■ **TASK TO CARRY OUT**
Once you reach the line containing "Dog Life Jacket", return it and every line after it exactly, through the end of the records below, with no pictures.

■ **SOURCE MATERIAL**
========

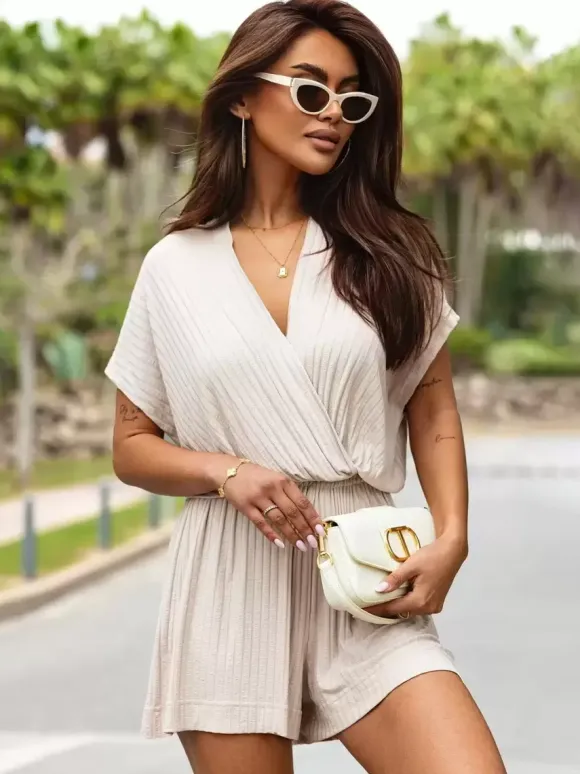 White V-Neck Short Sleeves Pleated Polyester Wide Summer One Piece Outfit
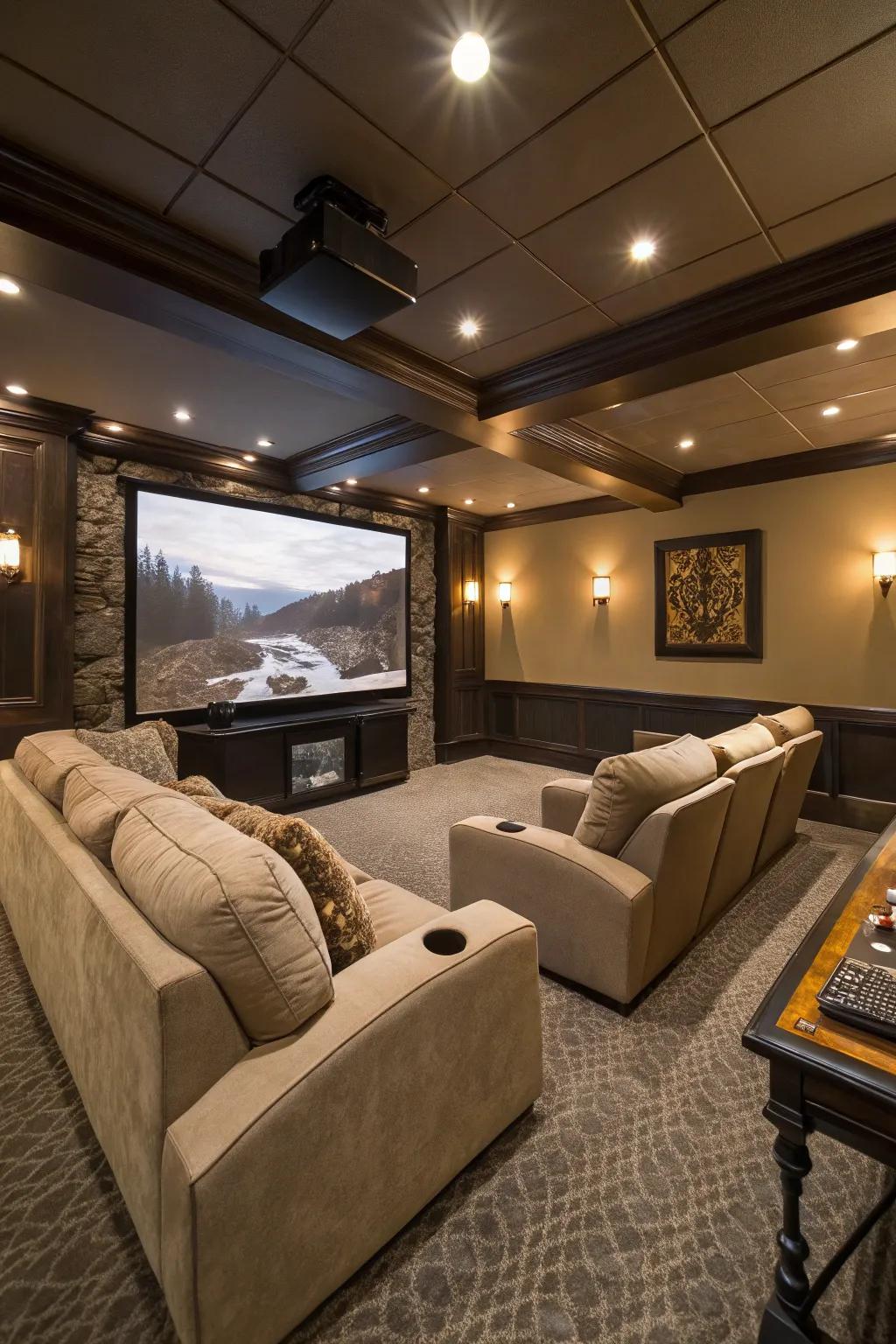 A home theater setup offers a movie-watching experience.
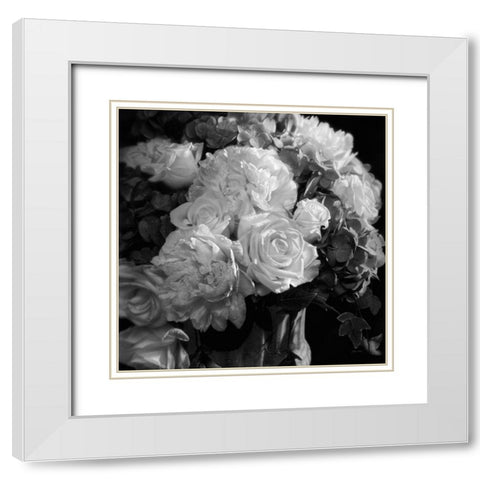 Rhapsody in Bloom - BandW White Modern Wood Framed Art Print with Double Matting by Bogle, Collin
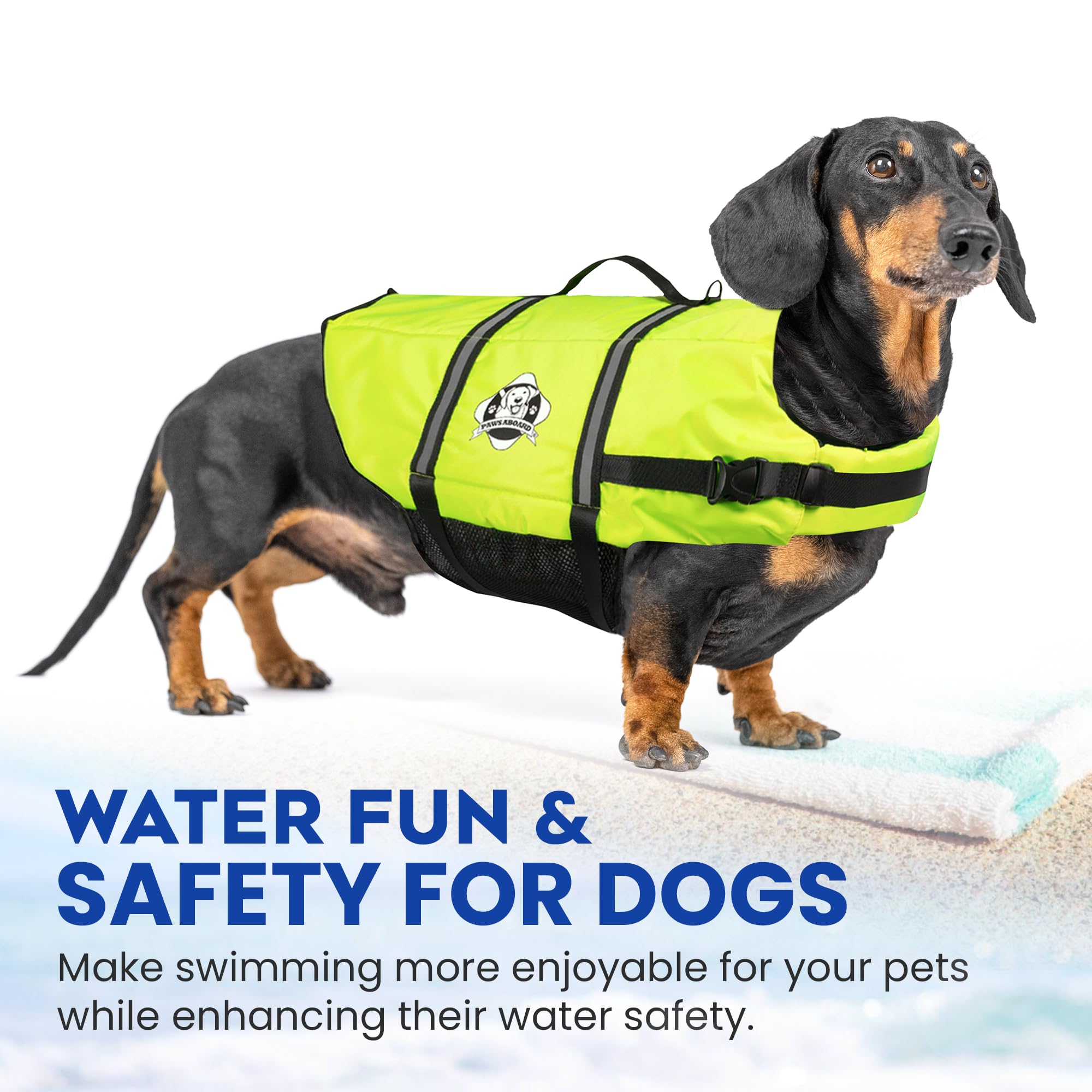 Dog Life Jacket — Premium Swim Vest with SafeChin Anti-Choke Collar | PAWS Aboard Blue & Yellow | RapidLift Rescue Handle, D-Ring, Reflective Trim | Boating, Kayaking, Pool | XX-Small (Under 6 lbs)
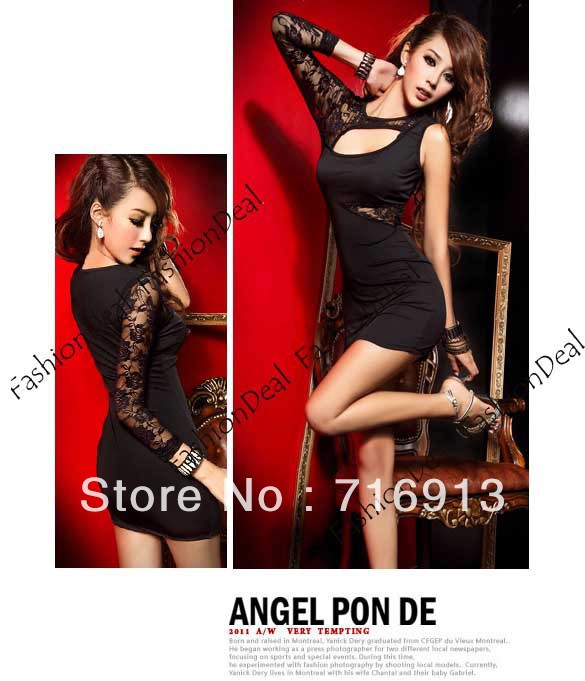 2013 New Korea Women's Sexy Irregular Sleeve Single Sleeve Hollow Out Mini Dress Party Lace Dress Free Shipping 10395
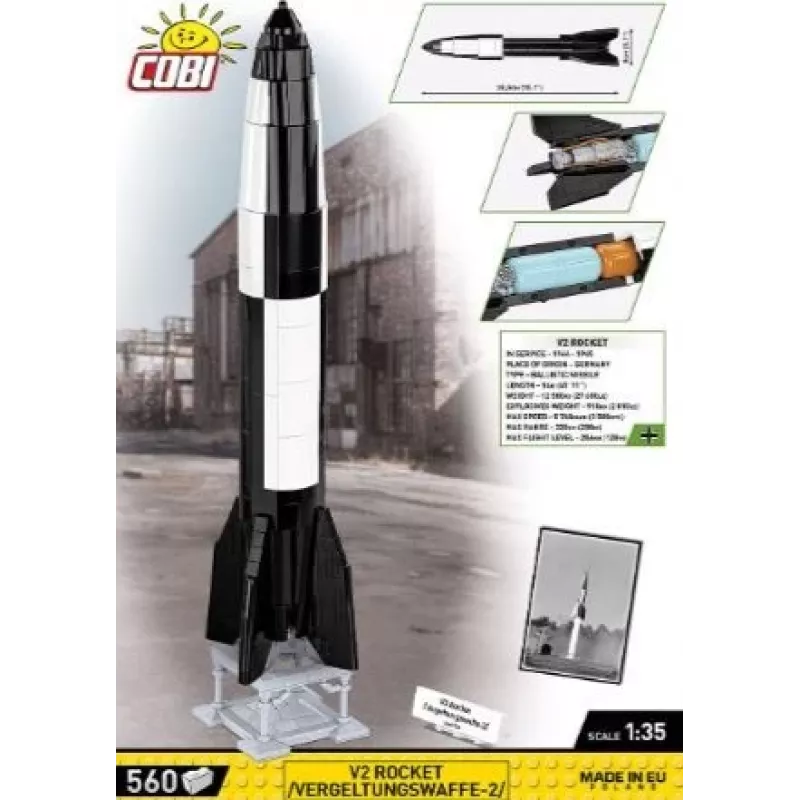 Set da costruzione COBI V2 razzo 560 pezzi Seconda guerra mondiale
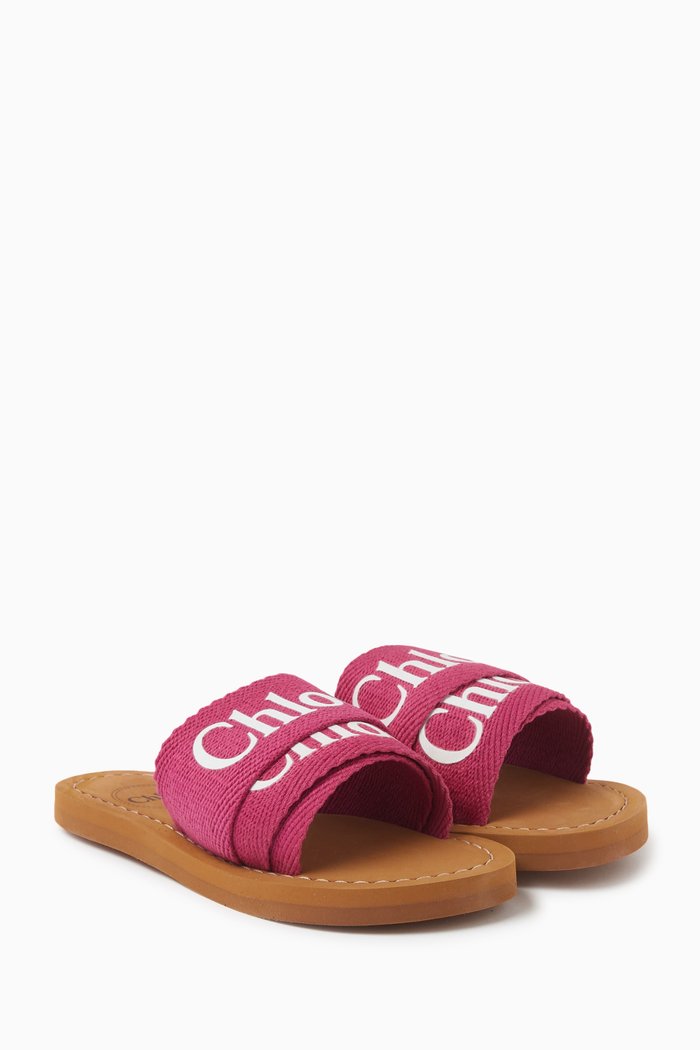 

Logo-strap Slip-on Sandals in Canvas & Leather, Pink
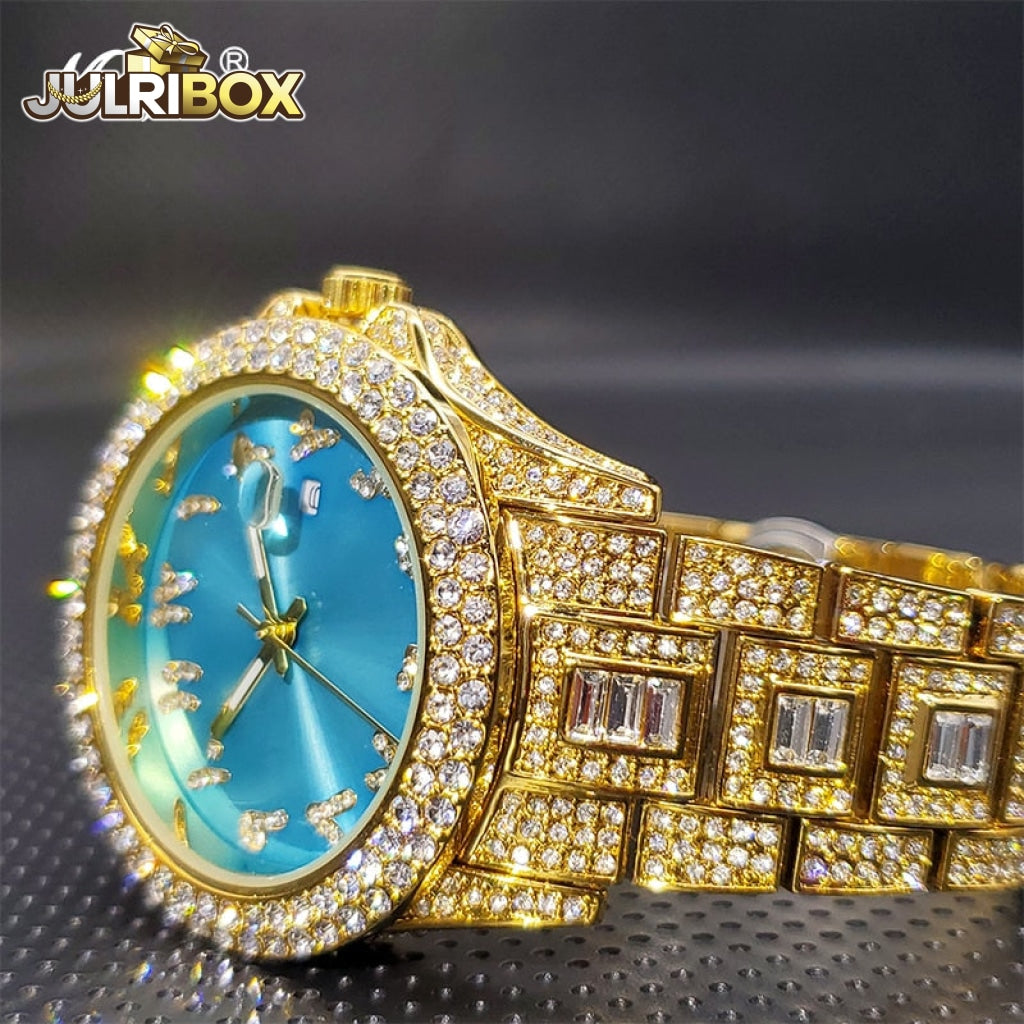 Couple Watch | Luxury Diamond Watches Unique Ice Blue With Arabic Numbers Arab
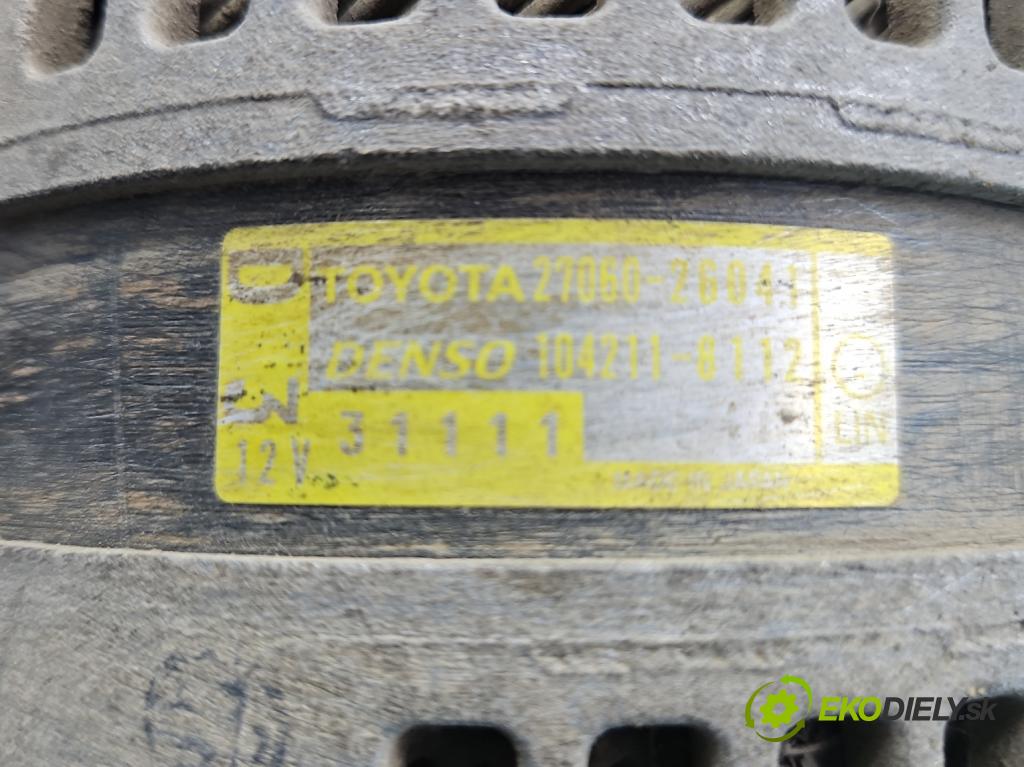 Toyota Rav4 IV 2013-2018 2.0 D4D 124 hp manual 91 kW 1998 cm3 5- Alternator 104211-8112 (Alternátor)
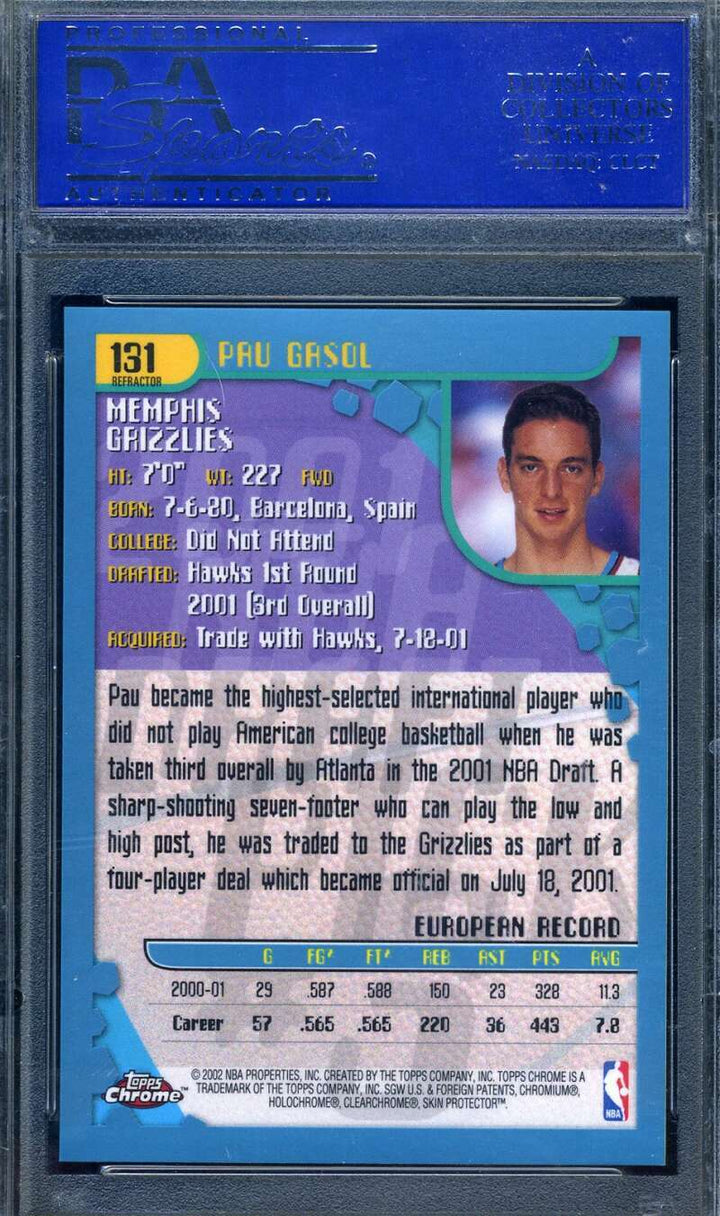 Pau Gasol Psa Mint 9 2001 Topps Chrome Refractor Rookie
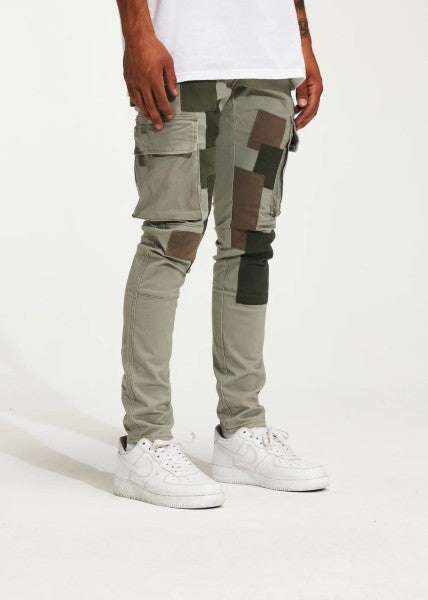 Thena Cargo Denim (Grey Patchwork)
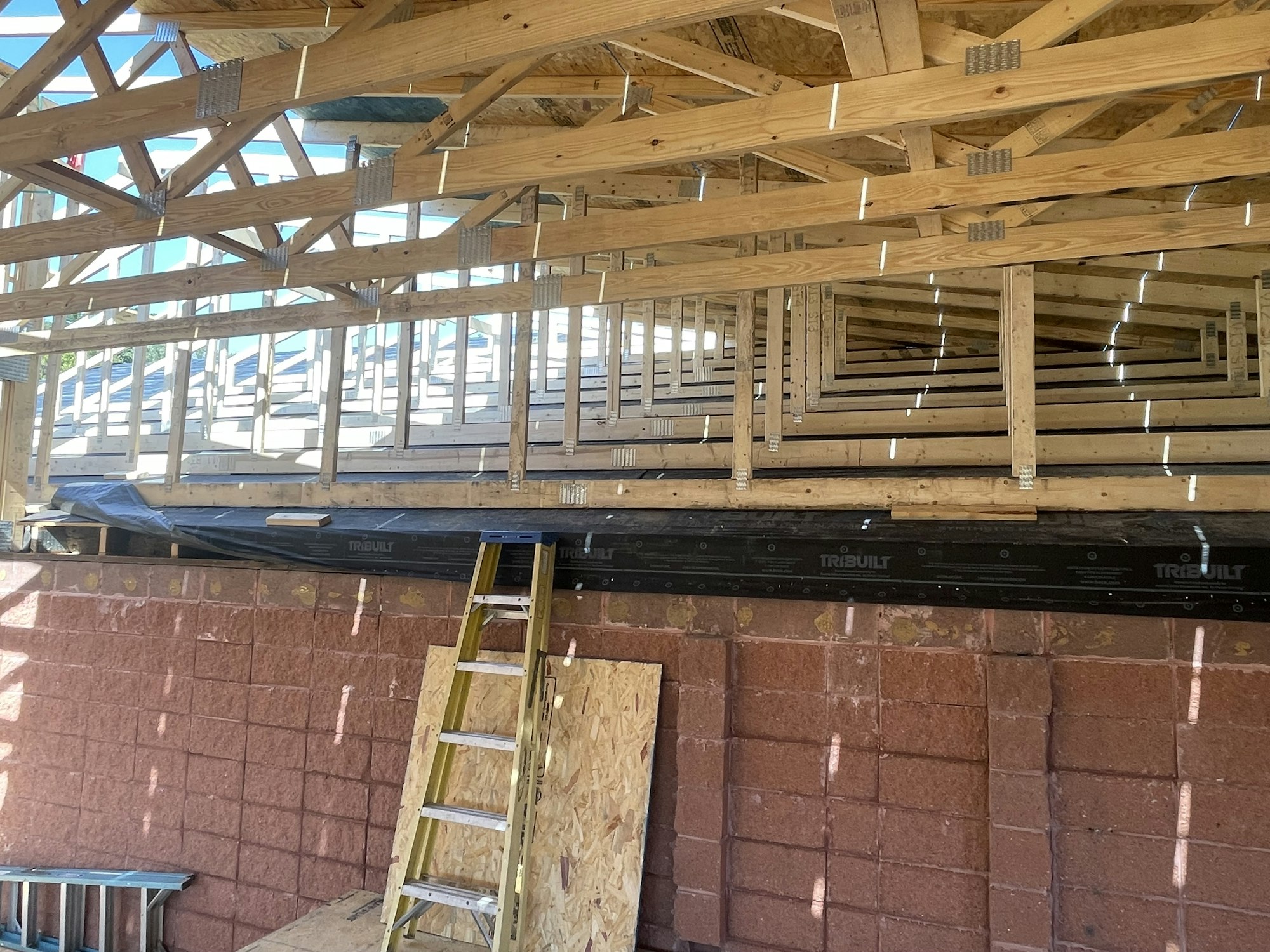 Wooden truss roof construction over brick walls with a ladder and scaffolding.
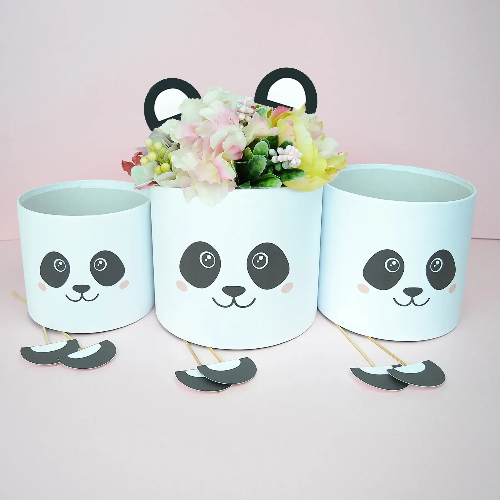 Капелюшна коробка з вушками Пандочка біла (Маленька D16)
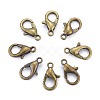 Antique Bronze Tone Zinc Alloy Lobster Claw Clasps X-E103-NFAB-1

========

■ **RESPONSE FOR THIS EXERCISE**
 Dog Life Jacket — Premium Swim Vest with SafeChin Anti-Choke Collar | PAWS Aboard Blue & Yellow | RapidLift Rescue Handle, D-Ring, Reflective Trim | Boating, Kayaking, Pool | XX-Small (Under 6 lbs)
 2013 New Korea Women's Sexy Irregular Sleeve Single Sleeve Hollow Out Mini Dress Party Lace Dress Free Shipping 10395
 Set da costruzione COBI V2 razzo 560 pezzi Seconda guerra mondiale

Logo-strap Slip-on Sandals in Canvas & Leather, Pink
 Couple Watch | Luxury Diamond Watches Unique Ice Blue With Arabic Numbers Arab
 Toyota Rav4 IV 2013-2018 2.0 D4D 124 hp manual 91 kW 1998 cm3 5- Alternator 104211-8112 (Alternátor)
 Pau Gasol Psa Mint 9 2001 Topps Chrome Refractor Rookie
 Thena Cargo Denim (Grey Patchwork)
 Wooden truss roof construction over brick walls with a ladder and scaffolding.
 Капелюшна коробка з вушками Пандочка біла (Маленька D16)
 Antique Bronze Tone Zinc Alloy Lobster Claw Clasps X-E103-NFAB-1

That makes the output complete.